The input to this meeting is the Product Backlog, the latest product Increment, projected capacity of the Development Team during the Sprint, and past performance of the Development Team. The number of items selected from the Product Backlog for the Sprint is solely up to the Development Team. Only the Development Team can assess what it can accomplish over the upcoming Sprint.

The most important thing to take account of is the actual evidence of the work you've achieved in the past. The measure of how much your team can get done in an iteration is typically called Velocity.

It doesn't matter whether team members are there for 8 hours. It doesn't matter that sometimes there are meetings.

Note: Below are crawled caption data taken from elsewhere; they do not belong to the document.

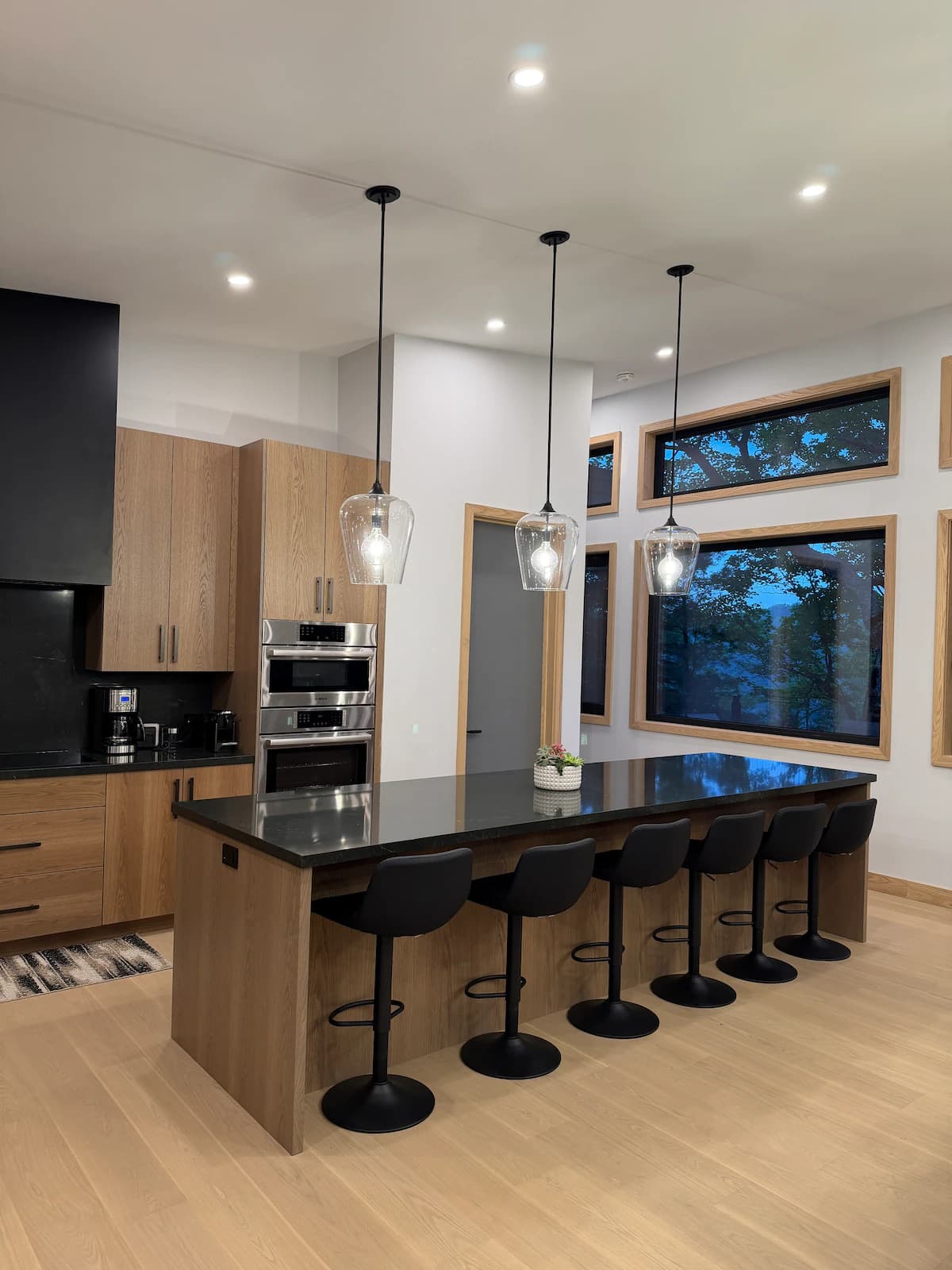 Otter Lakehouse – Luxury Waterfront Retreat - Photo 2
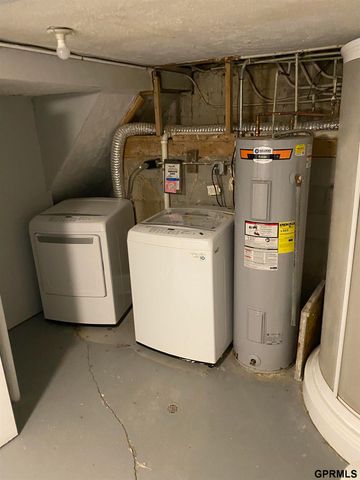 5423 S 50th Avenue, Omaha, NE 68117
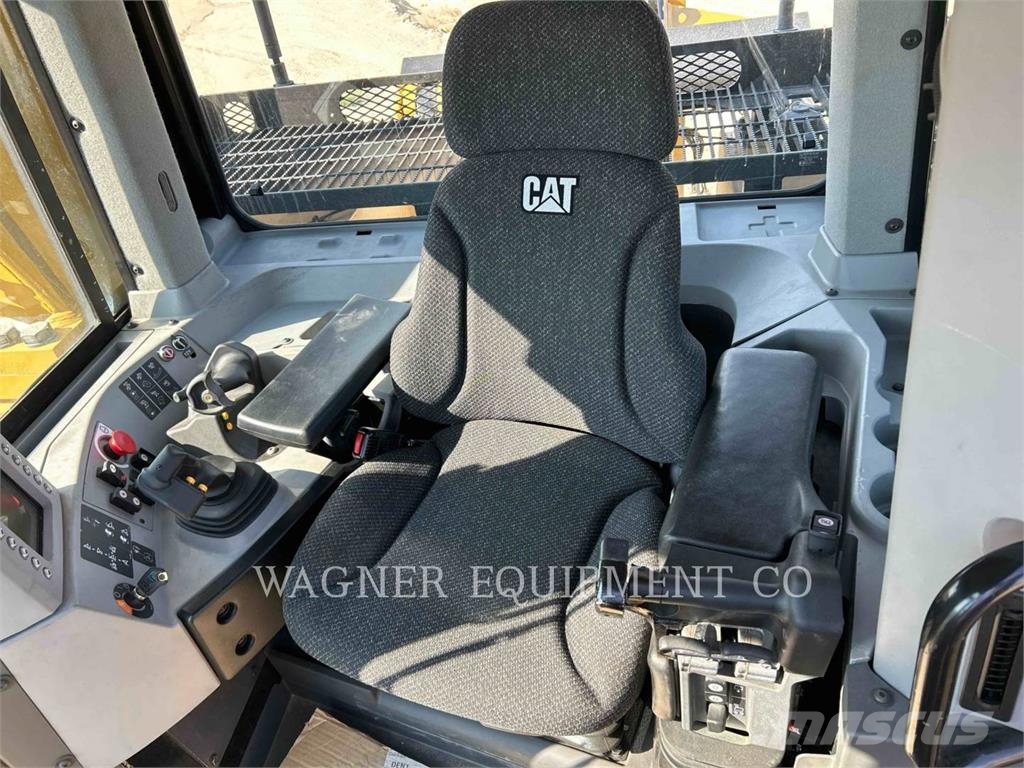 CAT D11T Pásové dozéry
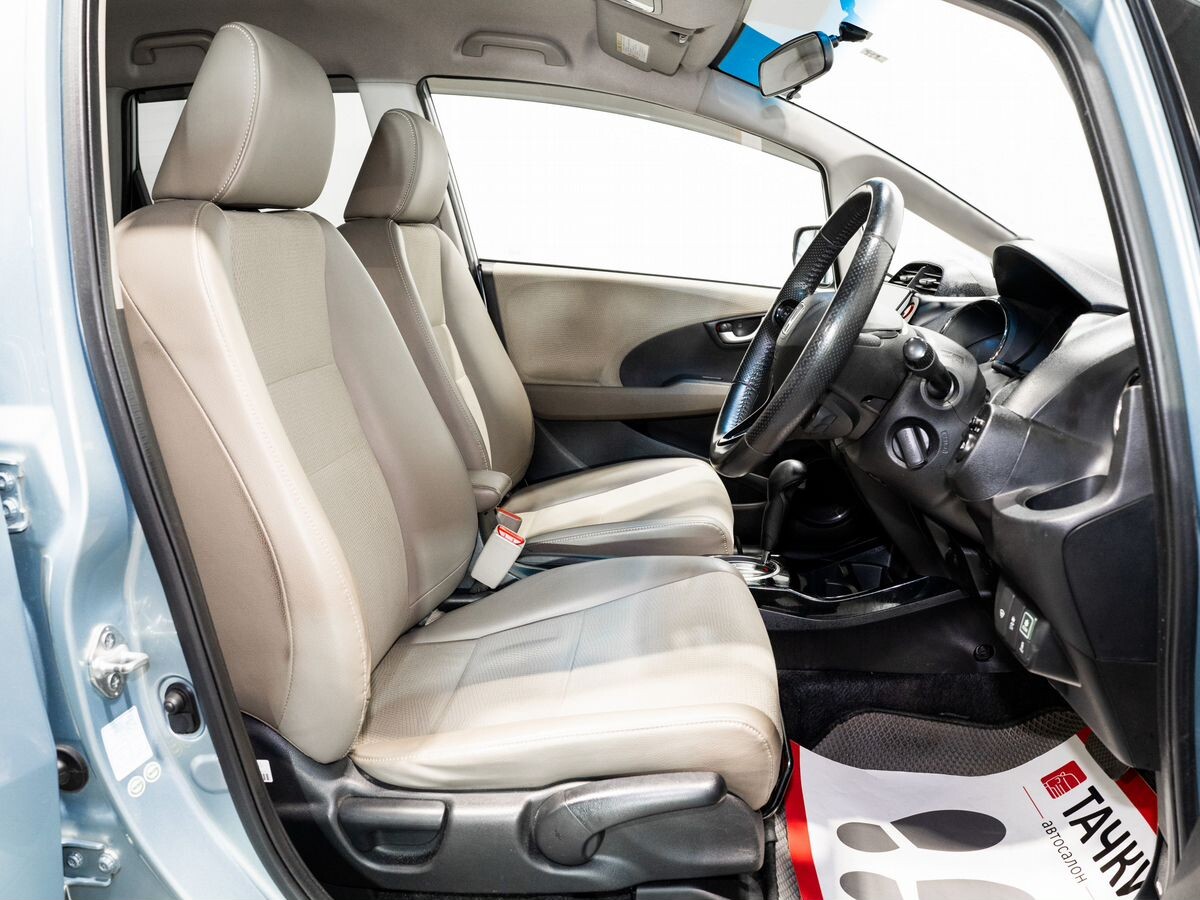Honda Fit Shuttle 2012 - фото автомобиля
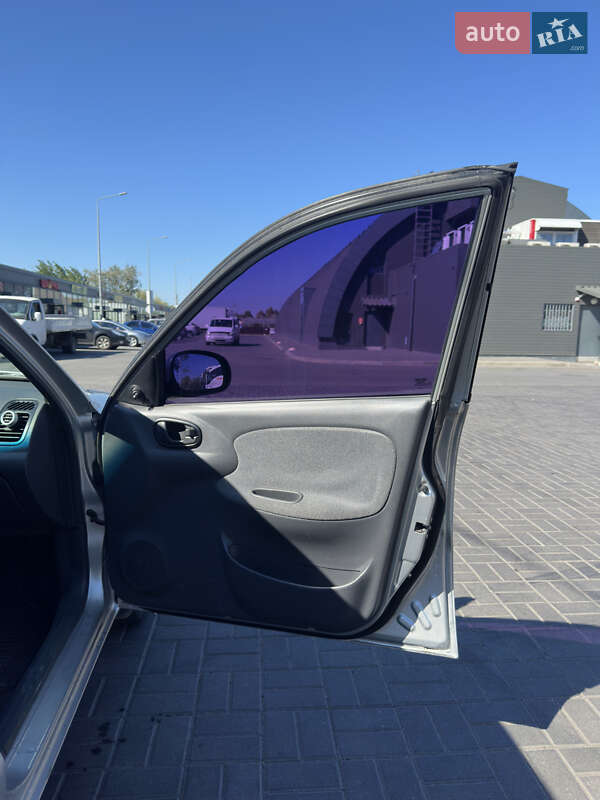 Седан Daewoo Lanos 2005 в Дніпрі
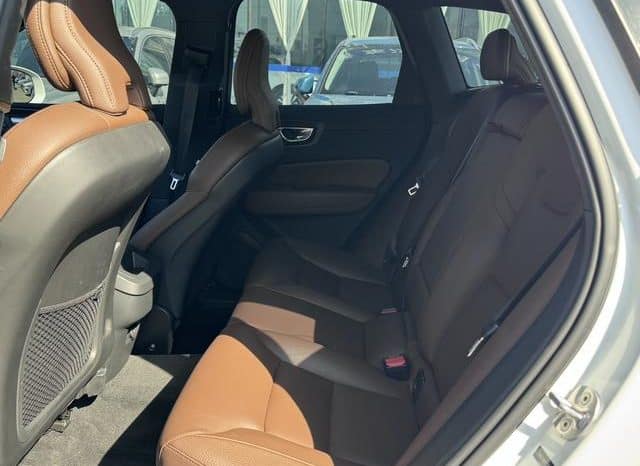
								Volvo XC60, 2023 full									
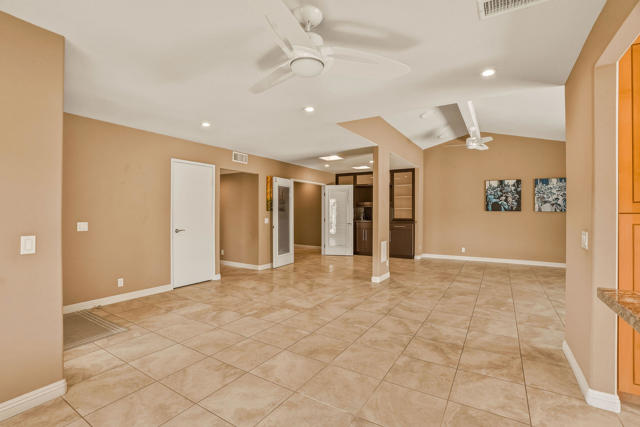 Image 5 of 45 For 72806 Fleetwood Circle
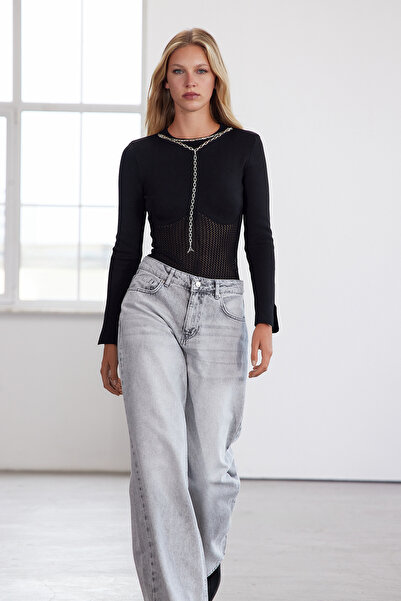 Trendyol Collection Limitovaná edice – černé tělo z úpletu s odnímatelným příslušenstvím Twoaw25Bd00012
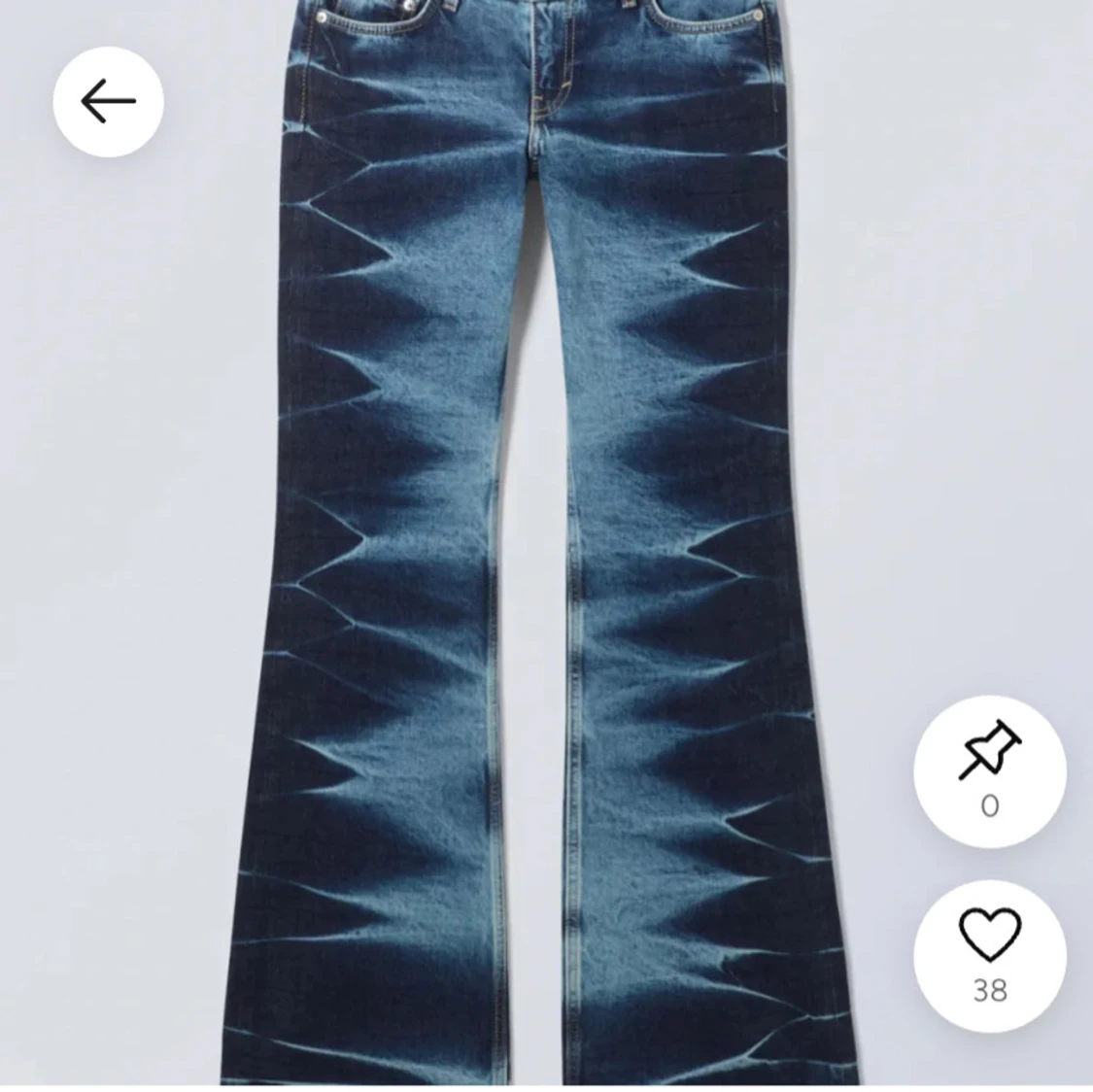 Blå bootcut jeans med coolt mönster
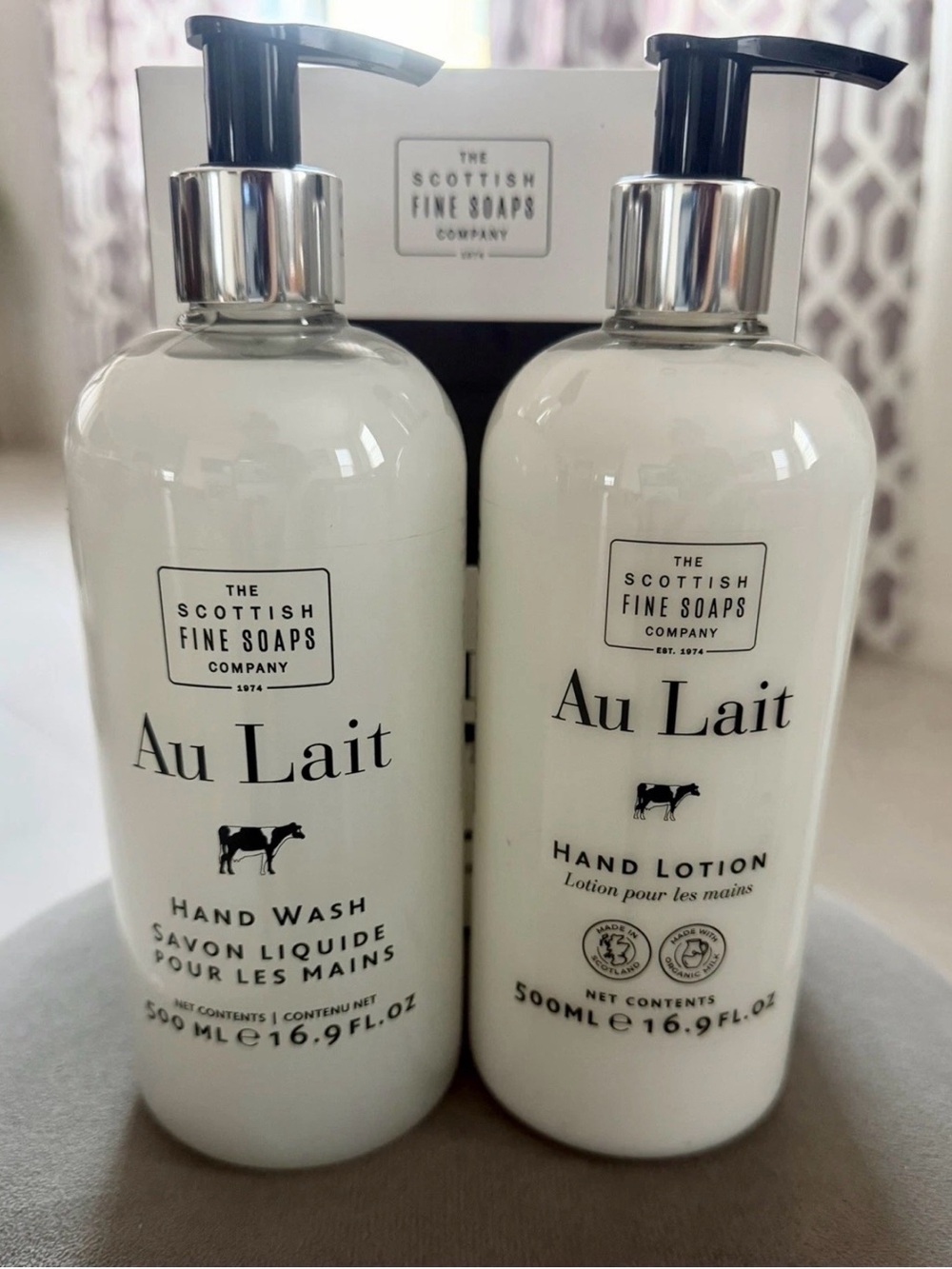 Au Lait Hand Wash & Hand Lotion Set — White by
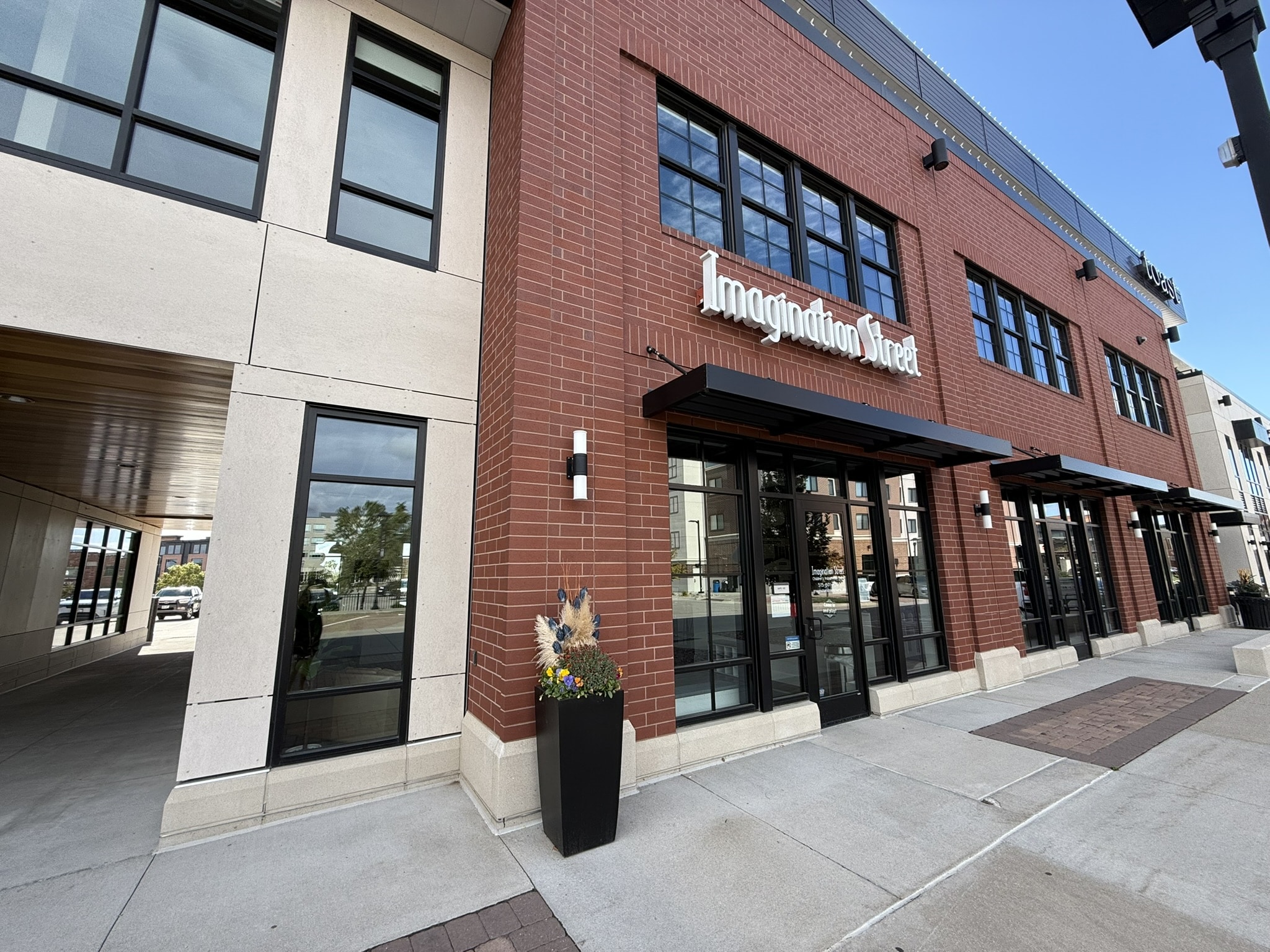 1345 SW Park Square Dr, Ankeny, IA for lease Interior Photo- Image 1 of 7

We aren't individually interested in these things, and it's much better to directly measure the thing we do care about, our velocity.

Note that the Development team is responsible for deciding commitments (not the scrum master), and that performance is measured as a team, not as individuals.

While the Scrum guide leaves the "How" the development team estimations stories an exercise for the reader, most successful teams use something like Story points.

For example, lets say my team has a few stories of size (in points, left is highest priority) { 1, 5, 8, 3 }. If last sprint, we managed 6 points, the team knows to take on 1 and 5 only. If we managed 9 points, we know I can take on 1, 5 and 3. The thing powering the team's decisions is evidence from previous iterations. A "point" is not linked to any amount of time other than through our evidence based measure of velocity.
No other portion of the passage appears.